Prompt — Repeat the listing verbatim. Drop any pictures.

Data shown —
----
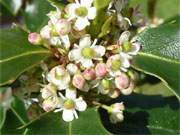 Ilex: Winzig sind die zahllosen Blten der Stechpalme.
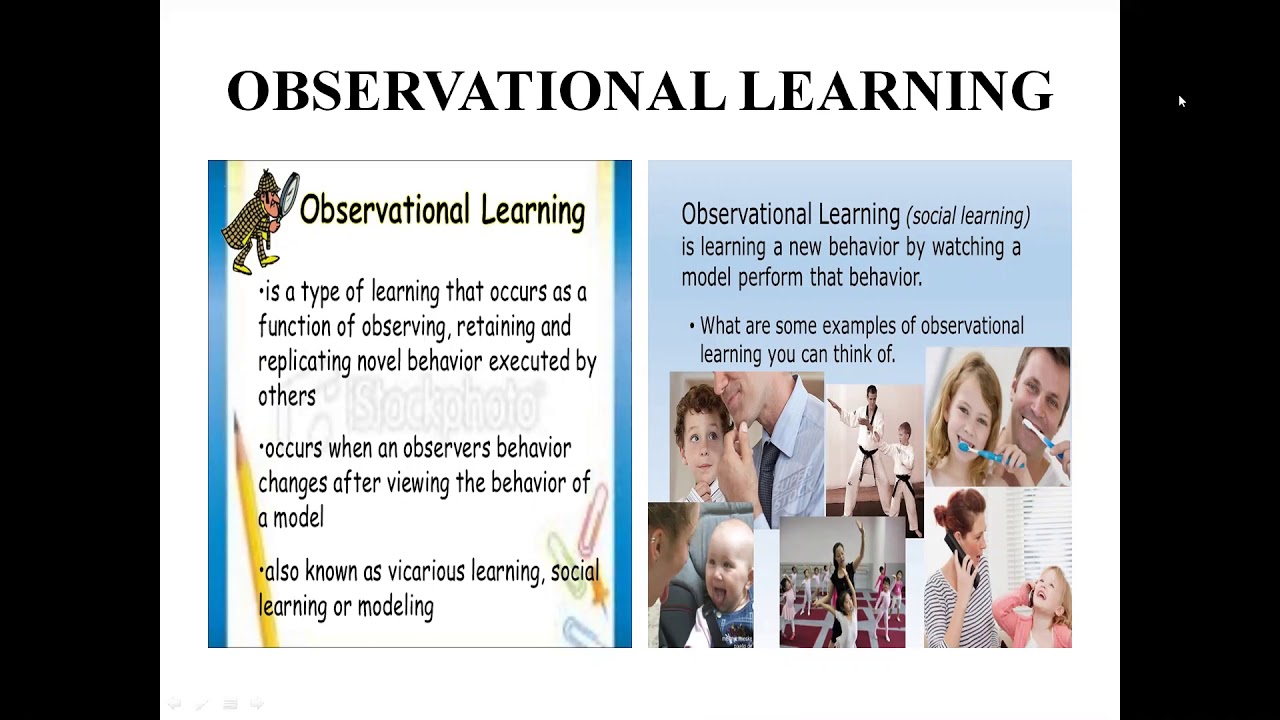 Class XI Psychology Chapter 6 Learning. Observational Learning and Cognitive Learning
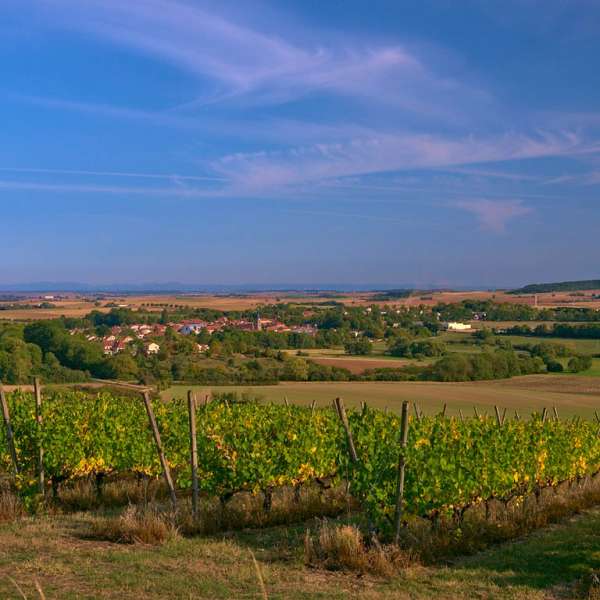 GR5 von Novéant-sur-Moselle nach Dieuze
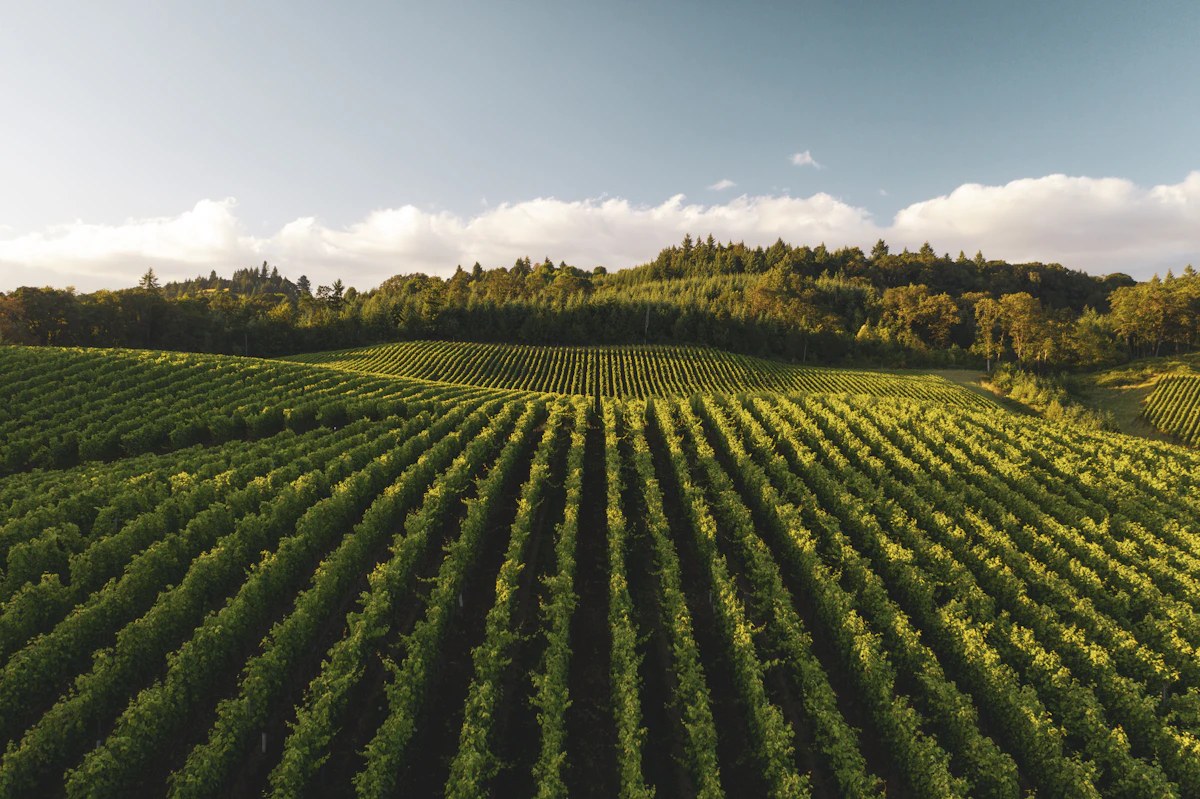 Cultivo agrícola tecnificado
----
Task answer —
 Ilex: Winzig sind die zahllosen Blten der Stechpalme.
 Class XI Psychology Chapter 6 Learning. Observational Learning and Cognitive Learning
 GR5 von Novéant-sur-Moselle nach Dieuze
 Cultivo agrícola tecnificado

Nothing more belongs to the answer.